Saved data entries
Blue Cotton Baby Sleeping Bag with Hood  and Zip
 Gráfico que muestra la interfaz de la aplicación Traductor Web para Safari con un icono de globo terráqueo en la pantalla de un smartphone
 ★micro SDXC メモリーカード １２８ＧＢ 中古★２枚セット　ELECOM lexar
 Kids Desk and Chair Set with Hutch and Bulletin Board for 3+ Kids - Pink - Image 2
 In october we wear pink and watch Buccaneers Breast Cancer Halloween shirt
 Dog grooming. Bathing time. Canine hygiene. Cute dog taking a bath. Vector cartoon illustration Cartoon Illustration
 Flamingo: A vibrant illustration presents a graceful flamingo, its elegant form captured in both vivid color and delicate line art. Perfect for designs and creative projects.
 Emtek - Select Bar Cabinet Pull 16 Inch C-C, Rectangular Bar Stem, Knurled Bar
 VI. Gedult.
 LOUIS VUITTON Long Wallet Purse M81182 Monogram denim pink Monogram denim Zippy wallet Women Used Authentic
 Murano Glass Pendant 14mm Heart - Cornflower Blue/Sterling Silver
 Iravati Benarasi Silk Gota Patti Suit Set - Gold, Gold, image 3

Exercise brief
Please transcribe the records exactly from their first line through the line holding "１２８ＧＢ 中古★２枚セット　ELECOM lexar", and leave out all others.

Output for this exercise
Blue Cotton Baby Sleeping Bag with Hood  and Zip
 Gráfico que muestra la interfaz de la aplicación Traductor Web para Safari con un icono de globo terráqueo en la pantalla de un smartphone
 ★micro SDXC メモリーカード １２８ＧＢ 中古★２枚セット　ELECOM lexar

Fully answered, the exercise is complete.